The crazy fans of course are a different story.

I have also noticed the stage door "persona" that most actors have. It's supposed to be casual and real, but it's a public face and it's not real at all. I find it pretty rare for an actor at the stage door not to have on their public face. But I agree that many fans don't seem to be able to tell that. If a fifteen-year-old fan would take a step back, they might wonder whether a 35-year-old actress really has anything in common with them and whether they are actually friends, but I'm not sure that insight is that common.

You obviously can decline to answer this, but can I ask you the general outline of what you're referring to in terms of sociopathic actors leading you down a certain path? I'm just curious.
"What was the name of that cheese that I like?" "you can't run away forever...but there's nothing wrong with getting a good head start" "well I hope and I pray, that maybe someday, you'll walk in the room with my heart"
Kelly2
Broadway Legend
joined:1/5/07
"Kelly2, just out curiosity, when was it that you supposedly "woke up"? Did you just wake up with 'maturity' as you call it one day, or did you have some sort of horrific experience? I'm not being facetious. I'm truly intrigued, since you said it used to be a large part of your life, and now it's not."

There were a lot of factors, one of the major factors was the person I met who became my friend who was not an actor asked me why I was wasting my life at the stagedoor. It wasn't because he was judging me, he just didn't understand why I wasn't pursuing the things I had been telling him I wanted to pursue. That was one of the first moments I realized I was wasting a lot of my time and energy on something that was really not that important. I did have one very bad experience with someone who I admired very much. I believed we were friends (we weren't) simply because we spoke on the phone and hung out occasionally. That person did a series of horrible things to me not only personally but professionally just because of an extended argument that was had about the fact that there was some backstabbing going on. I don't want to get into any details on a public board but it was truly bizarre relationship that no one in my friend circle can quite explain the how or the why. That really was for me the last straw. I don't like being lied to, I don't like being strung along, and unless you're onstage, I have no desire to be "acted" at.

I hope you don't take this as my having an axe to grind though.

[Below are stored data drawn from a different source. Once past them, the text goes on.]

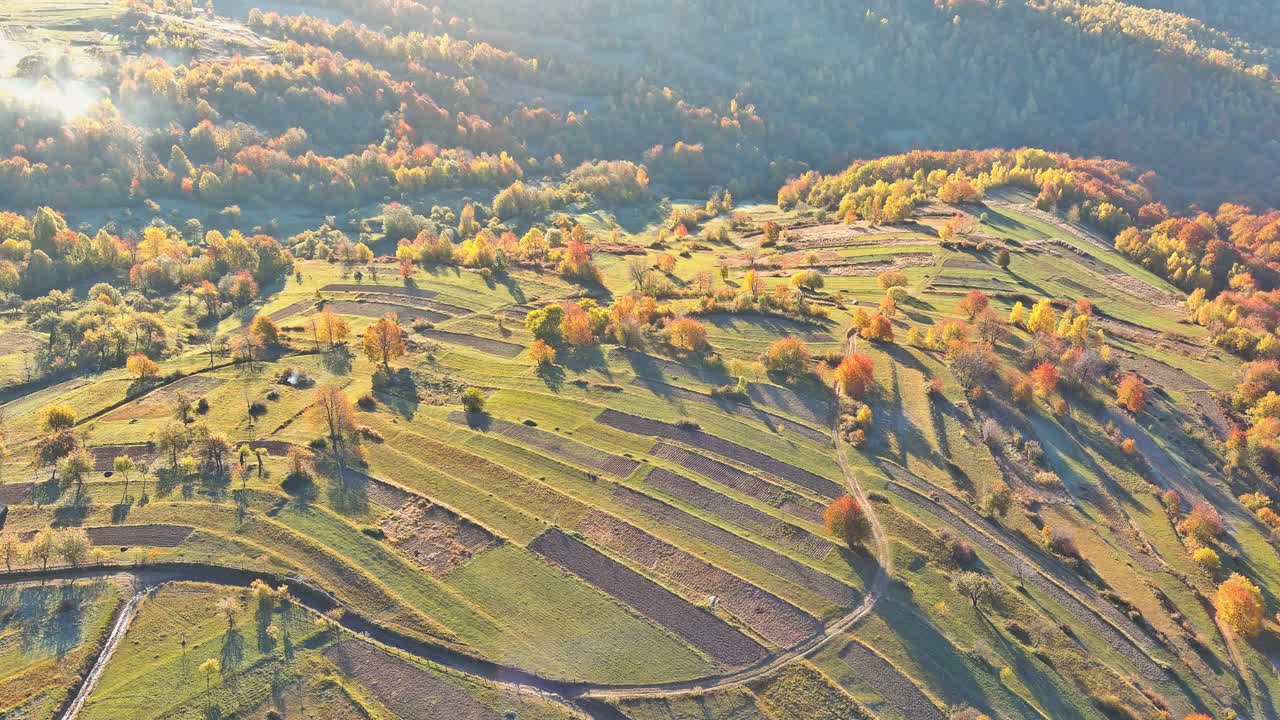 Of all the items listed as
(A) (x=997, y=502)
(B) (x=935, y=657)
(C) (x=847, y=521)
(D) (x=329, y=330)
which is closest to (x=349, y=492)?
(D) (x=329, y=330)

What really drives me to speak about this topic is the amount of people I've seen go down the autograph line, come back inside, and immediately go into a laundry list of all the crazy people who were there, anything that was said, tons of unflattering nicknames regarding those who were there often (many based on negative physical traits like weight and dental hygiene)...it proved to me that my experience was not unique. Some actors feed off attention and will do anything to get it with little regard for what the consequences might be, it is parasitic and inappropriate in a million ways. Fans are guilty of blindly playing into this and not ever stopping to question anything and of course, filling a void in their lives with other peoples' talent and fleeting affection when they could be doing so many more productive things.
"Get mad, then get over it." - Colin Powell
ghostlight2
Broadway Legend
joined:12/5/04
Well, that explains a few things...
Kelly2
Broadway Legend
joined:1/5/07
You know what, I hesitated even posting that because I thought it was too easy to be glib and reductive about what I've been saying. I did not let this one person alter my entire viewpoint, it was EXPERIENCE in life and in this industry that altered it. People would do well to be more cautious with their admiration and affection and spend more time hitting the gym, the books, the museums...anything but wasting years of your life on being the fluffer for someone else's ego.
"Get mad, then get over it." - Colin Powell
Wynbish
Broadway Legend
joined:4/27/12
Like beltingbaritone said, here is Audra addressing what it is like at the stage door.
"I don't remember it being like this..."
JeanGudio
Stand-by
joined:6/9/12
It could be a safety issue, matilda they came out but could not sign.
Bettyboy72
Broadway Legend
joined:3/31/06
I think because actors are all just normal people with the same hang ups as everyone else, it can strike them as odd or overwhelming that people would wait for them. It has nothing to do with the fans, it has to do with them.

I think fans forget that actors are people and the same way that you can go to work and snap at a co-worker, avoid the lunch area, or maybe even be unprofessional with a client. They have bad days too and may avoid fans. I think it is fine to avoid fans or even be brisk and not chat. Im ok with whatever an actor chooses to do.

What I did find odd was when Kathleen Turner essentially told all the people waiting for her that she had no idea why they were there and found it odd that people would waste their time doing this. When someone asked for a photo, she told them politely no and asked "why would you want that-thats a little odd." Her sense of disconnect from fans seemed off.
"The sexual energy between the mother and son really concerns me!"-random woman behind me at Next to Normal "I want to meet him after and bang him!"-random woman who exposed her breasts at Rock of Ages, referring to James Carpinello
yankeefan7
Broadway Legend
joined:4/14/12
Humbugfoto - I took my oldest daughter to see "Next To Normal" several years ago after it was open for a short time. My daughter was attending NYU for a semester and I was visiting her. We loved the show and she wanted to "stagedoor" and get her Playbill signed. The line was not very long and the entire cast came out (small cast) and Alice Ripley was the last one. We were at the end of the line and she signed for my daughter and was nice enough to have picture taken with her. I then told Ms. Ripley that I could not imagine how she could reach the emotional depths of her role night after night. She proceed to talk for several minutes about her role and the show in general. She also noticed my daughters bag which had NYU on it and asked her if she was a student and my daughter told her she was a arts major. I finally apologized for keeping her late and she laughed and said it was no problem and it was her pleasure talking to us. I guess my point is that by going to the "stagedoor", my daughter not only got a additional souvenir (autograph/photo) but also received some insight about being a actress on Broadway.

Updated On: 7/29/12 at 05:24 PM
kurt.perry41
Stand-by
joined:11/20/11
For me as a fan and actor myself, I think that I do it because I want to tell the actor how much their performance means to me as an individual.

I mean I'm horrified sometimes by the behavior at some stsge doors coughH2$cough, and I've been shocked by peoples assumption that they are now "friends" with the actor.

Certainly I always remember that they are doing this as an EXTRA thing and a service to the fans. And also they have lives like everyone else and have things they have to do. I try to ber super genuine and as un-invasive as possible and always ask if something is ok, like taking a picture.

I think it's really important that people remember common courtesy and respect for people's lives and I feel like thats gotten lost in recent years. I know that stage dooring allows me the opportunity to thank the performers for what they do and the experience they have created.